▸ Exercise details: Start with the line that holds "Black Hearts on White Tumbler 20oz". Please copy it and each remaining line below exactly, leaving pictures out.
*** Begin section ***
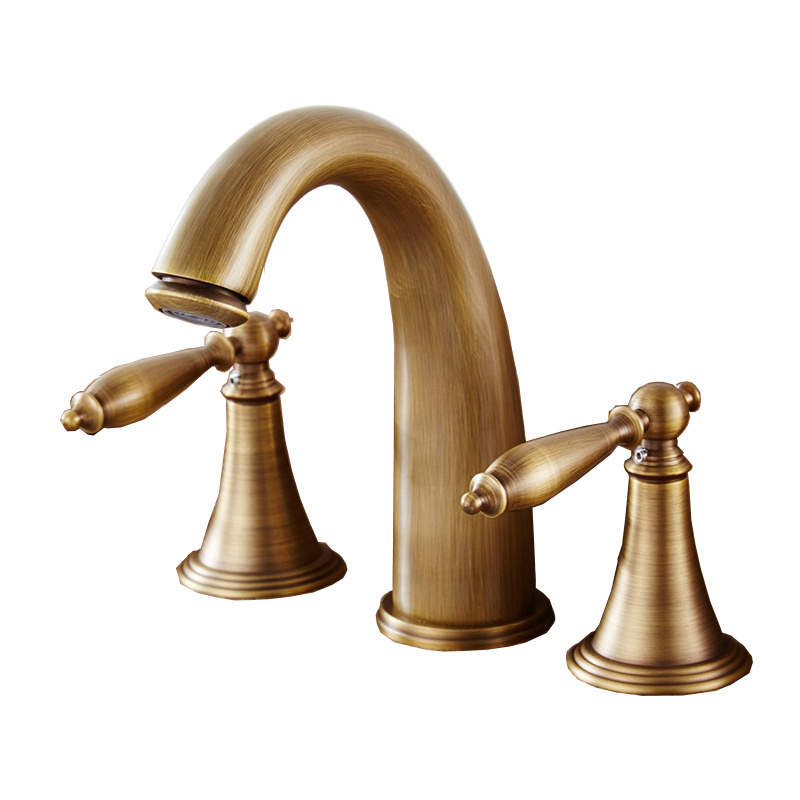 STOCCO  Antique Bronze Bath Sink Faucet Double Handle Basin Sink Faucet Hot and Cold Water Mixer 3 Hole Bathroom Faucet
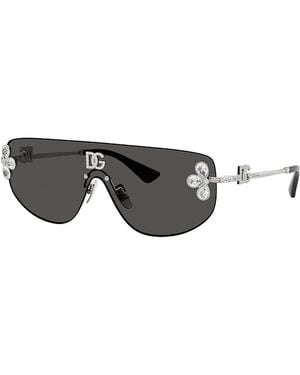 Dolce & Gabbana Rectangular Shield Sunglasses, 138Mm - Gray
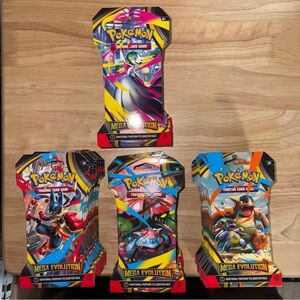 Pokémon Mega Evolution Sleeved Booster Packs x 60 (15 art bundles)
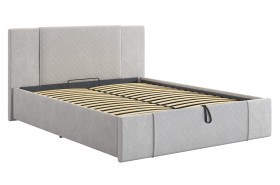 Кровать с подъемным механизмом Хлоя 160х200 см галька (велюр) в Сургуте - surgut.mebel-tymen.ru | фото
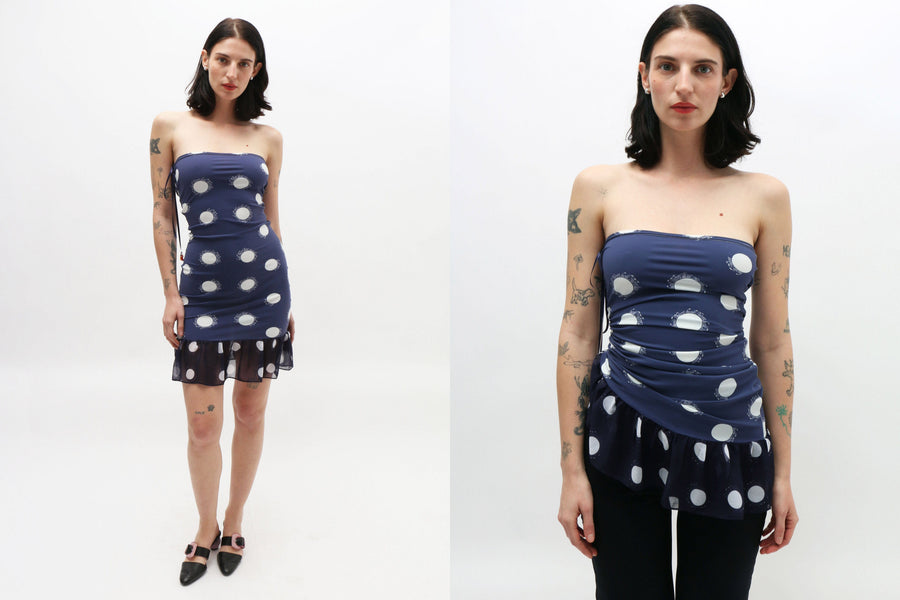 Maimoun Lucille Thièvre Dot Print Tube Dress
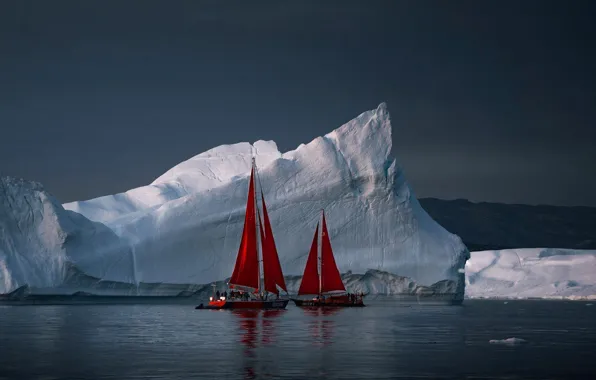 Picture sea, yachts, ice, icebergs, scarlet sails, Greenland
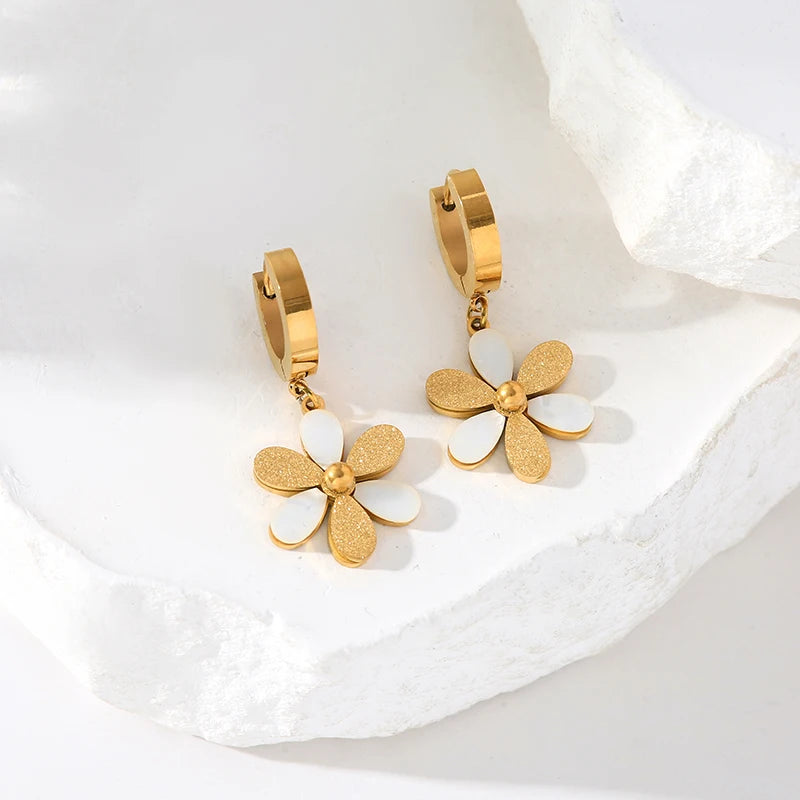 EILIECK 316L Stainless Steel Metal Flower Ear Dangle Piercing Earrings For Women Fashion New Jewelry Lady Gift Party сережки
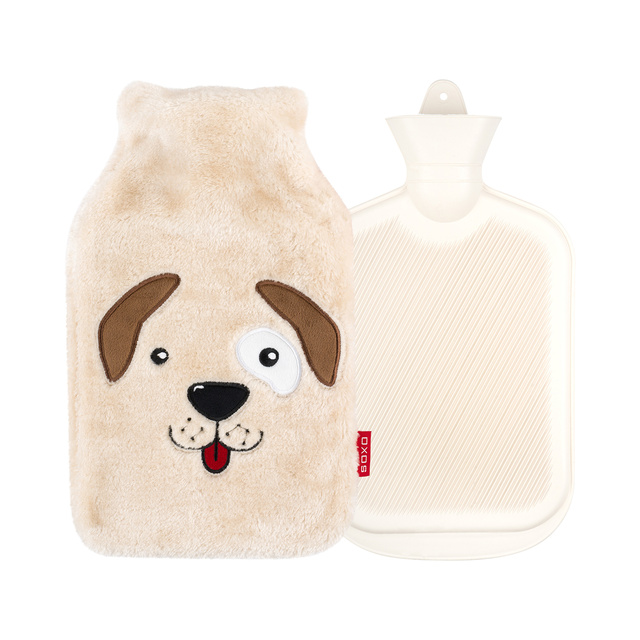GRANDE bouillotte 1,8l chauffante SOXO dans une housse peluche - Idée cadeau chien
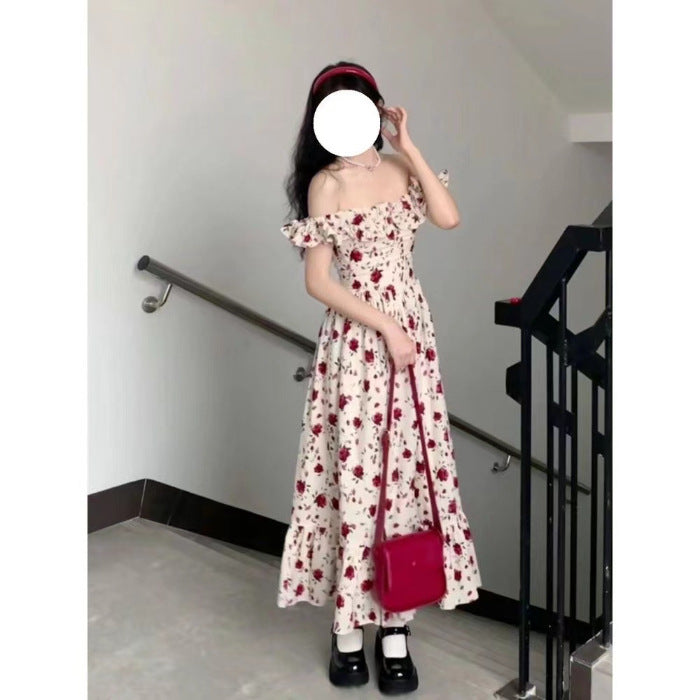 Women's Fashionable Slim-fit Floral Print Slip Dress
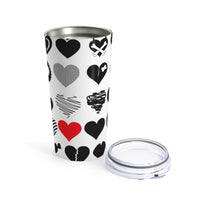 Black Hearts on White Tumbler 20oz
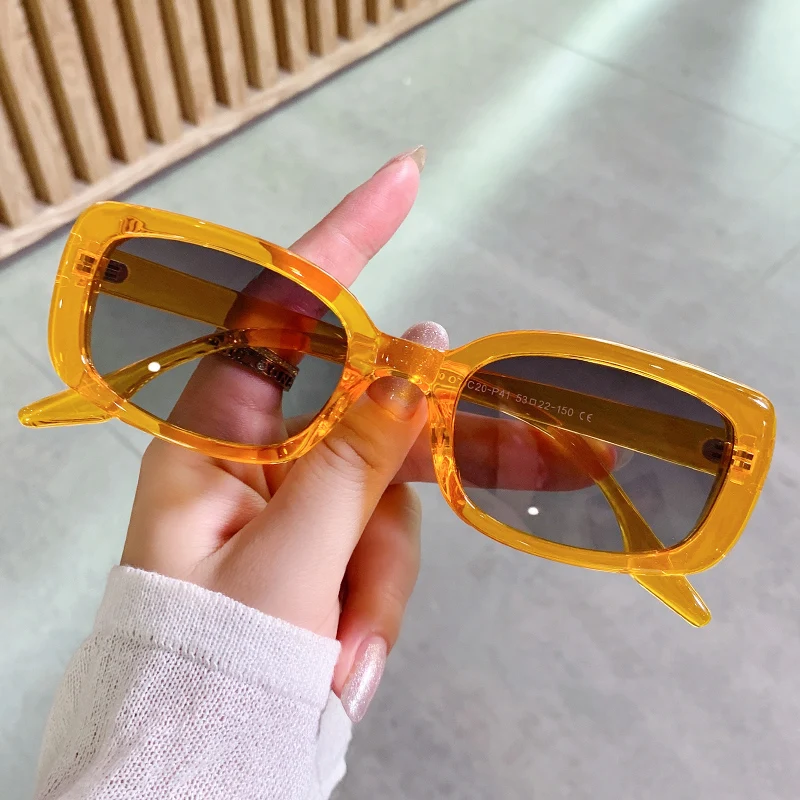 

Rectangle Sunglasses Women Vintage Travel TR90 Ladies Fashion Square Retro Gradient Lens Sun Glasses Polarized UV400 Female 107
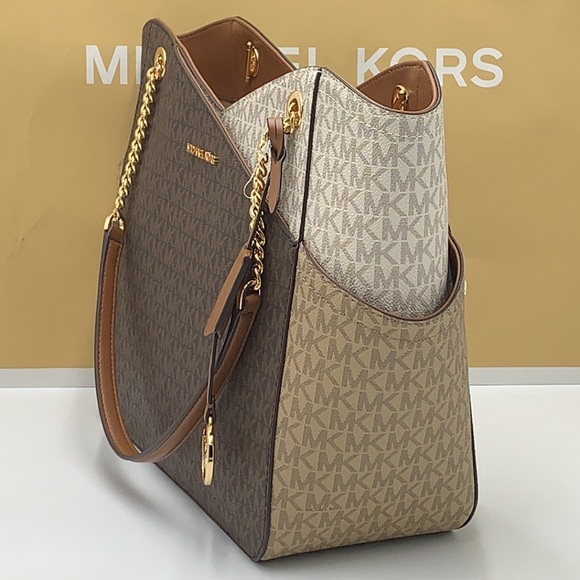 MICHAEL KORS LARGE X CHAIN SHOULDER TOTE BAG LUGGAGE / BROWN MULTI COLOR - Picture 5 of 16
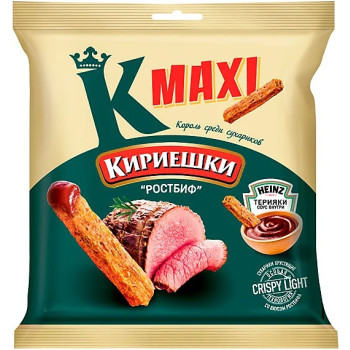 Сухарики Кириешки Maxi Ростбиф c терияки соусом, 50г + 25мл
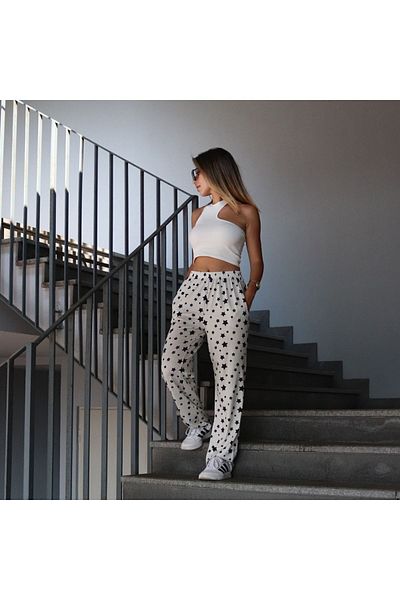 Köstebek Φόρμα White Basic Star Collage Oversize (Unisex).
*** End section ***
▸ The completed task:
 Black Hearts on White Tumbler 20oz

Rectangle Sunglasses Women Vintage Travel TR90 Ladies Fashion Square Retro Gradient Lens Sun Glasses Polarized UV400 Female 107
 MICHAEL KORS LARGE X CHAIN SHOULDER TOTE BAG LUGGAGE / BROWN MULTI COLOR - Picture 5 of 16
 Сухарики Кириешки Maxi Ростбиф c терияки соусом, 50г + 25мл
 Köstebek Φόρμα White Basic Star Collage Oversize (Unisex).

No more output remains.